TASK TO COMPLETE:
Once the line holding "Мария Рыбинцева Победительница" appears, repeat it and each line after it to the end of the data, exactly and with nothing else; pictures stay out.

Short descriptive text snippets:
════════
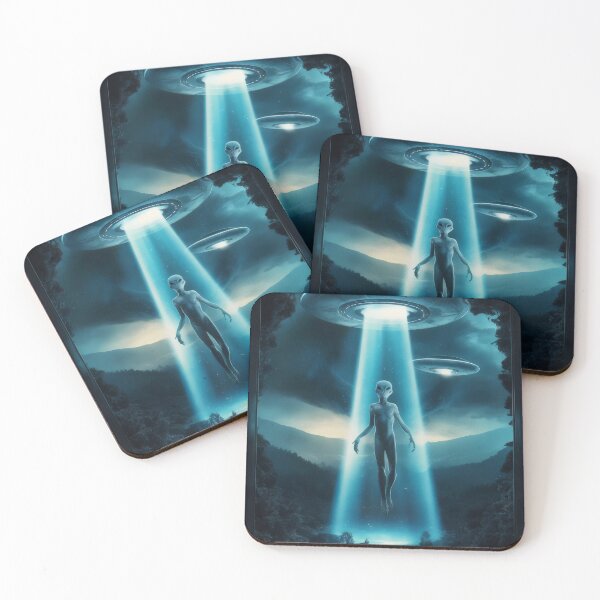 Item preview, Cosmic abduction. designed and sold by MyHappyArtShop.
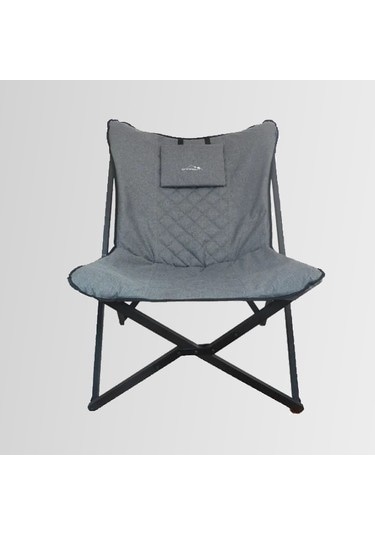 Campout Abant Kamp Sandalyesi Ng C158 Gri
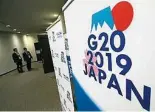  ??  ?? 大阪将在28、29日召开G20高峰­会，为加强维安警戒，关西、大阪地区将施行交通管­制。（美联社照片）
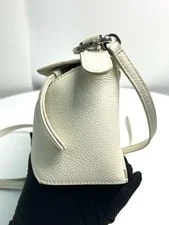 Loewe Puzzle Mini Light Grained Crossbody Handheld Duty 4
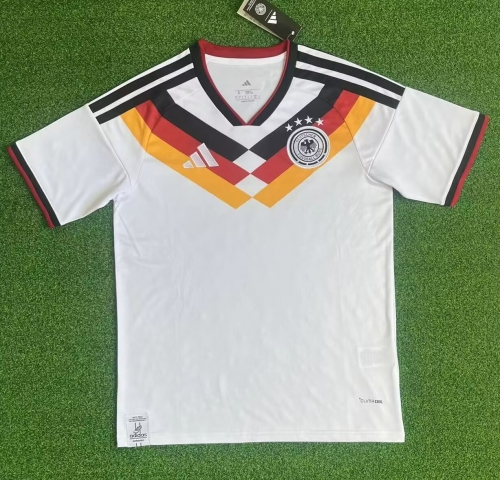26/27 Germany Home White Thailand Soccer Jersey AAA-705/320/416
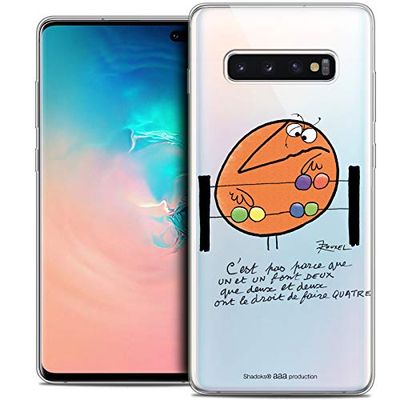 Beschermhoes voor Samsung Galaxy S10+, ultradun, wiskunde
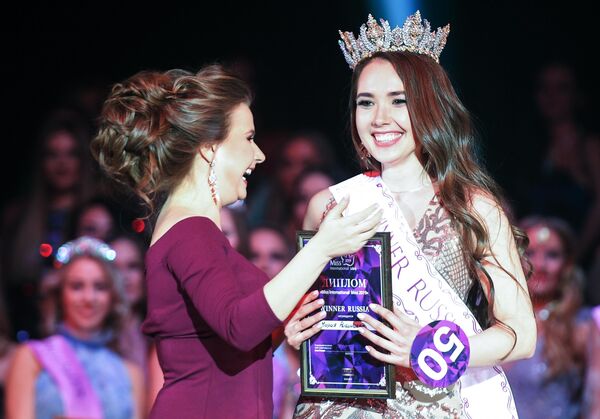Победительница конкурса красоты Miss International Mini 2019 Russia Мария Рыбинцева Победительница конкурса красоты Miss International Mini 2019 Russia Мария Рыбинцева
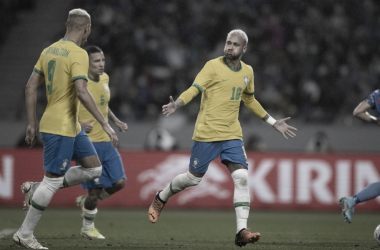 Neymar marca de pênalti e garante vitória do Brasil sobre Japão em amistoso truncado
════════
WRITTEN RESPONSE:
Победительница конкурса красоты Miss International Mini 2019 Russia Мария Рыбинцева Победительница конкурса красоты Miss International Mini 2019 Russia Мария Рыбинцева
 Neymar marca de pênalti e garante vitória do Brasil sobre Japão em amistoso truncado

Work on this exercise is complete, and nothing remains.